Inspired by their experience, I have a hunch that we can implement undo similarly in our library. For each buffer, we can maintain two CRDTs. One will serve as a local non-linear history that allows us to understand the effects of undoing operations that aren't the most recent change to the buffer. We'll perform undos against this local history first, then apply their affects to a CRDT that starts at the most recent commit. This will generate remote operations we know can be cleanly applied by all participants. The local history can be retained across several commits and even be stored locally. By fetching operations from previous commits, we could even construct such a history for clients that are new to the collaboration.
We need to be able to refer to files in a universal way, but with this hybrid approach, only new files are assigned identifiers by operations. This stumped us for a bit, until an obvious solution occurred to us.

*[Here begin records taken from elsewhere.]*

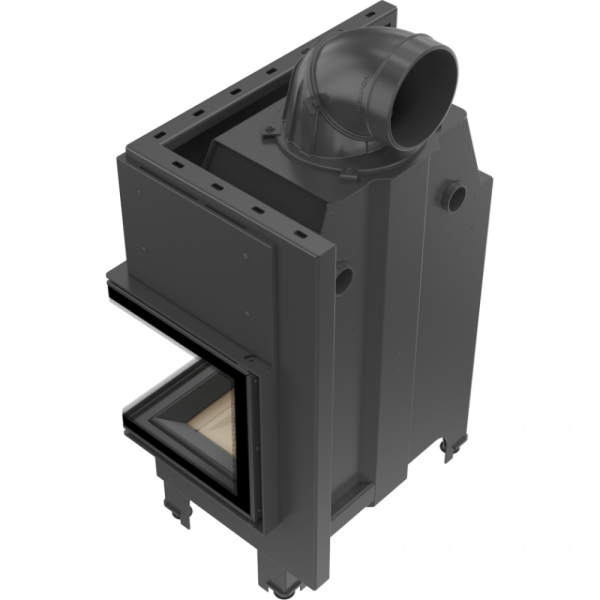 Камінна топка Kratki MBM 10 права BS гнуте скло 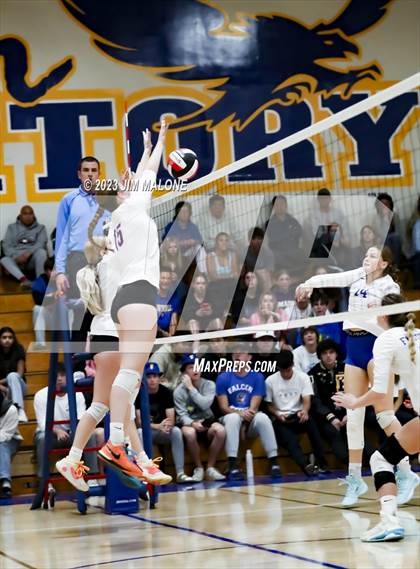 Thumbnail 1 in Amador Valley @ Foothill (CIFNCS D1 Semifinals) photogallery.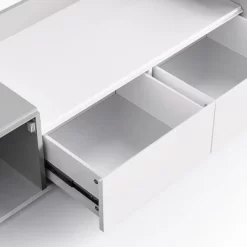 Modern TV Stand For 70" TV With Large Storage And Magnetic Doors, White - ModernLuxe -Furniture Specialty Store GUEST 6ed69fa6 6fae 4c64 8ae2 98e7d9a54a1f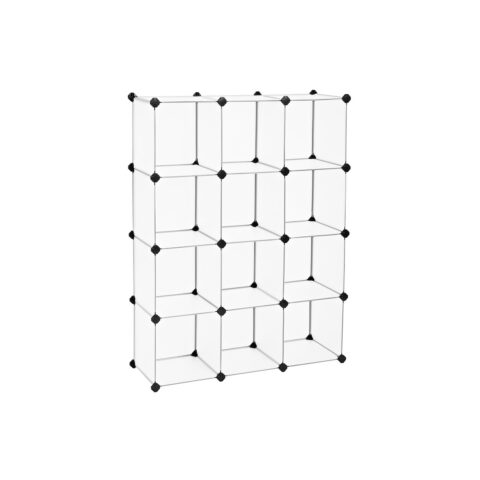 Plastikust kapp 93x31x123cm valge Riiulid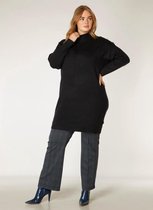 YESTA Berdine Jurk - Dark Navy - maat 4(54/56)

The set of paths in the base Git commit is the same for every replica, so we can sort these paths lexicographically and assign each an identifier based on its position in this fixed order. Internally, file identifiers are a Rust enum with two possible variants, Base
, which wraps a u64
, and New
, which wraps a local timestamp generated on the replica that created the file.
By being agnostic to plumbing and building a library that operates purely in terms of operations and data, this software should be useful in a broader array of applications. We plan to distribute a WebAssembly version to enable collaboration in browser-based environments, along with a native executable that can talk to editors and synchronize our CRDT with an underlying file system like we originally envisioned. The operations can serve as a kind of common real-time collaboration protocol. As long as an application can send and receive operations and feed them into this library, it should be capable of real-time collaboration with other applications.
In light of these shifts in our thinking, I've updated the Memo README to reflect the current state of the world. Some details about the implementation have been dropped, but I plan to reintroduce them over time as our implementation stabilizes. At some point soon, it may make sense to again pull Memo out into its own repository that is separate from Xray. If that happens, I'll keep everyone posted here.